[DISCUSS] Changing Window Cleanup Semantics

classic Classic list List threaded Threaded
1 message Options
Reply | Threaded
Open this post in threaded view
|

[DISCUSS] Changing Window Cleanup Semantics

Aljoscha Krettek
Hi,
I recently created https://issues.apache.org/jira/browse/FLINK-4994 to address what I think is a flaw in the window cleanup semantics. This has the possibility of affecting people so I'd like to get some opinions and also give people a heads-up.

Before going into what I'm proposing in the issue, let's first see how window cleanup works in Flink 1.1. There are three pieces of state that need to be cleaned up: 1) window contents (the actual elements) 2) merging window set (only in case of merging windows) and 3) trigger state. The WindowOperator is responsible for cleaning the first two while the Trigger itself is responsible for the third. For this purpose we have the method Trigger.clear() that must clean up all state the Trigger created.

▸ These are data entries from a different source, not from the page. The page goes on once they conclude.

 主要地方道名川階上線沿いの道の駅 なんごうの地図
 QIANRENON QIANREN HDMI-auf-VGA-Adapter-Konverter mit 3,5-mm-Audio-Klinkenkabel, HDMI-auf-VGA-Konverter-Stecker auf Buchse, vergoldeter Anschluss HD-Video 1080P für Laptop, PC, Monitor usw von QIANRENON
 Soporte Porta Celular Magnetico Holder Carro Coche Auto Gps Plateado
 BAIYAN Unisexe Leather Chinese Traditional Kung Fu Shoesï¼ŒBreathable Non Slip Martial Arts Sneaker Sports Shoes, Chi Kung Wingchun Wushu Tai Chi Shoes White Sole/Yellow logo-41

In Flink 1.1 we clear 1 and 2 and call Trigger.clear() when either of two things happens: a Trigger returns PURGE (or FIRE_AND_PURGE, below I'll only say PURGE but mean both) or the allowed lateness expires (watermark passes the end of the window plus allowed lateness). This will lead to surprising results when you use session windows (as outlined in the linked issue) and people also seem to have been working around the fact that Trigger.clear() is called when PURGING because they want to clear the window contents but still keep some state in the trigger in case more elements arrive.

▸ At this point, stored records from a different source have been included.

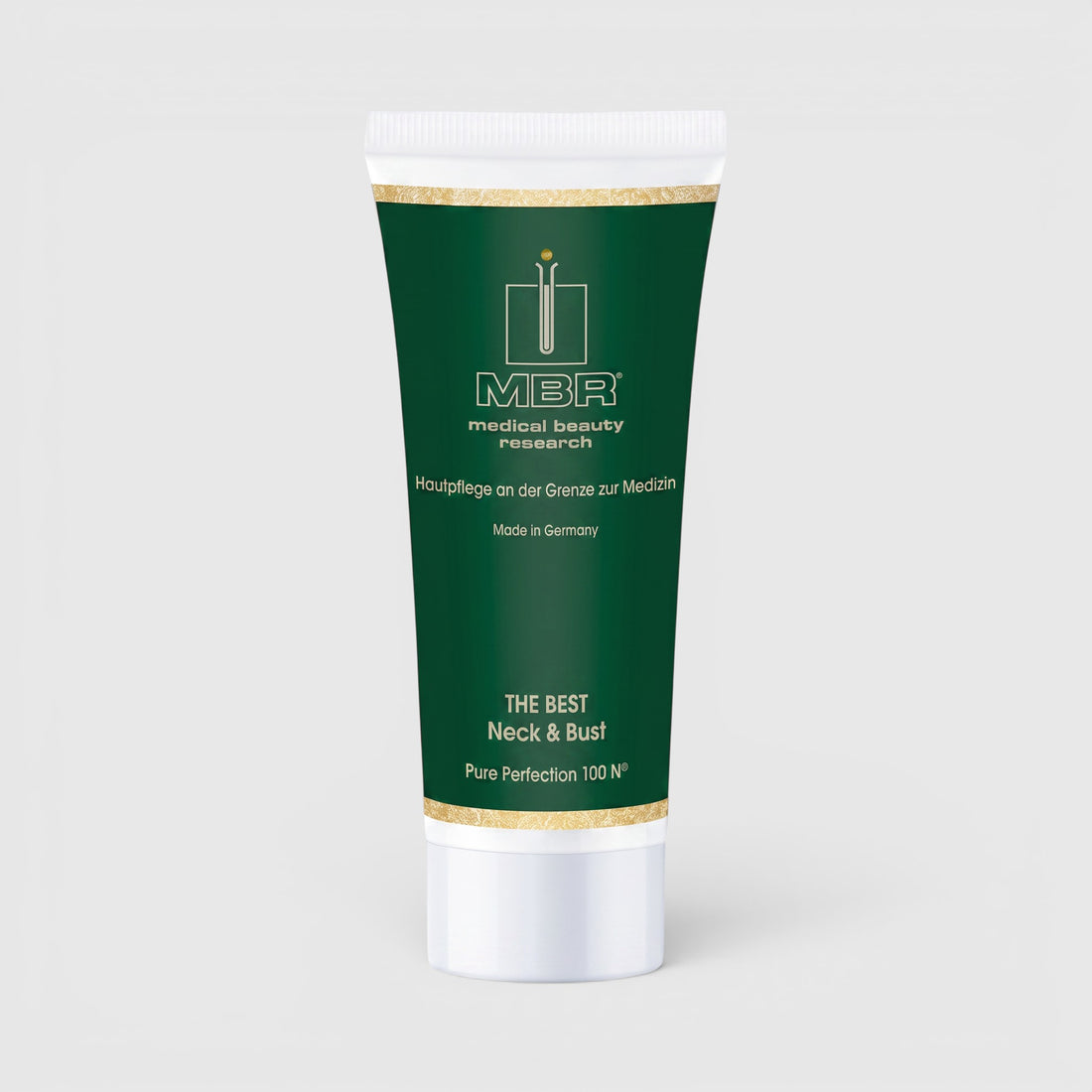 Shop Rescue Spa MBR THE BEST Neck &amp; Bust firming cream in a dark green squeeze tube with gold accents.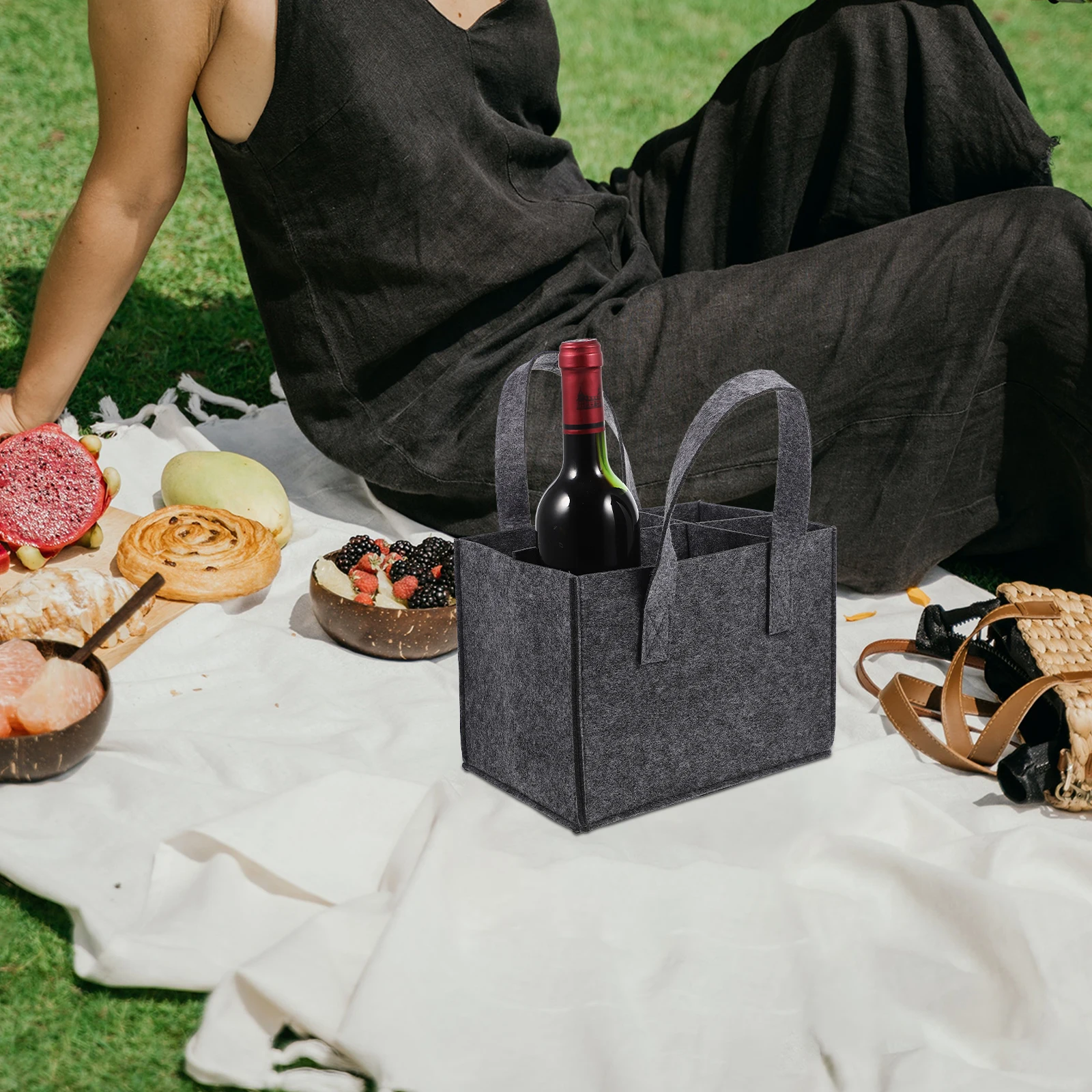 

2pcs Portable Wine Bottle Carrier Compartments Reusable Storage Bag For Beer Red Wine Felt Divider Organizer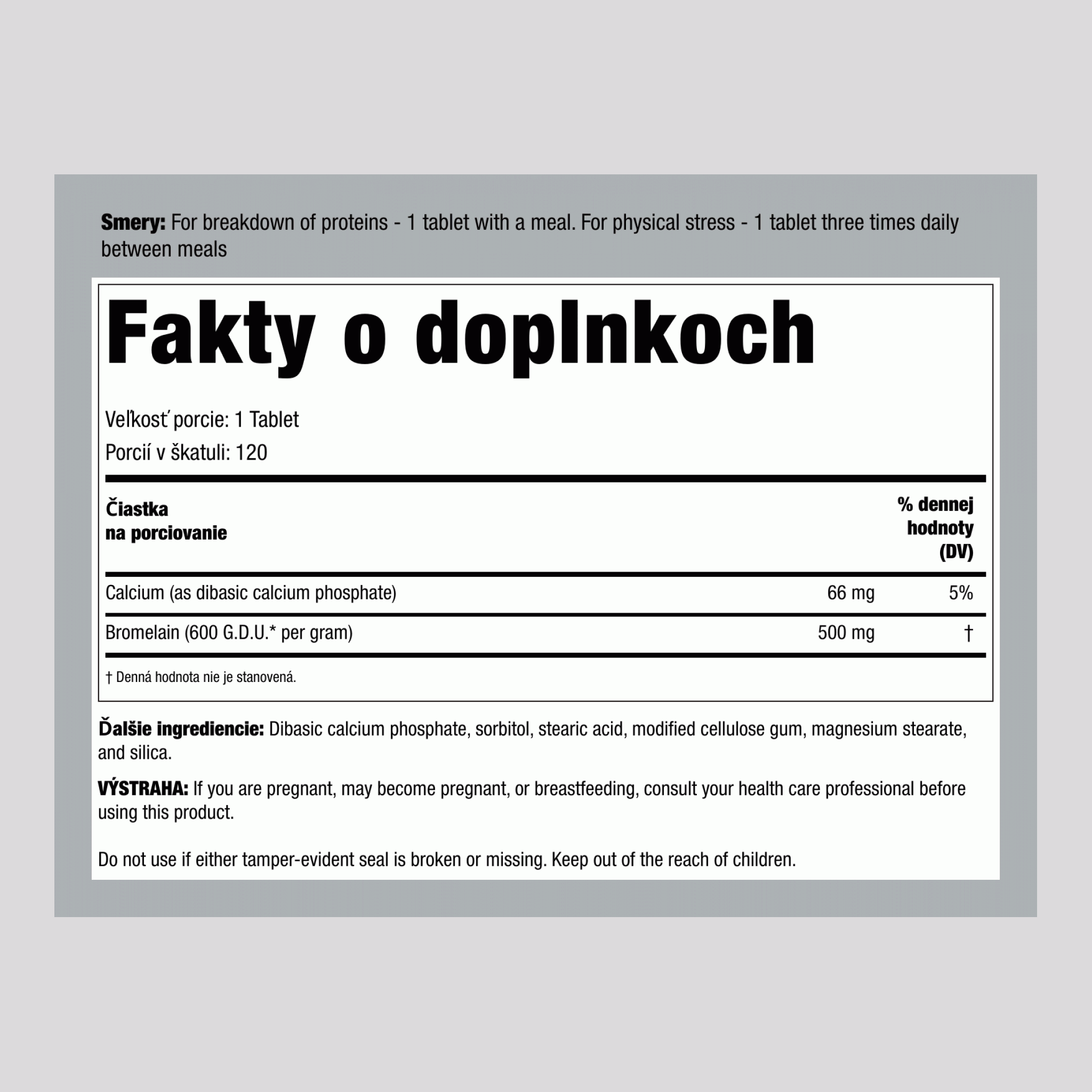 Bromelaín, 500 mg, 120 tabliet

For Flink 1.2 I'm proposing to not clear the merging window set on PURGE and also to not call Trigger.clear() on PURGE. Those two should only happen when we garbage collect the window, i.e. we reach the end of the allowed lateness. This will have the consequence that people who have been relying on cleanup to happen after a PURGE have to manually cleanup state now. I think it's still a good change, though, since it leads to more sane behaviour for merging windows.

What do you think?

There is also the possibility of adding a Trigger.onPurge() method that by default calls clean(), but in the long run I'd like to remove that again so at one point people have to adapt to the changes. In my opinion it's better to break this now and cleanly.

Cheers,
Aljoscha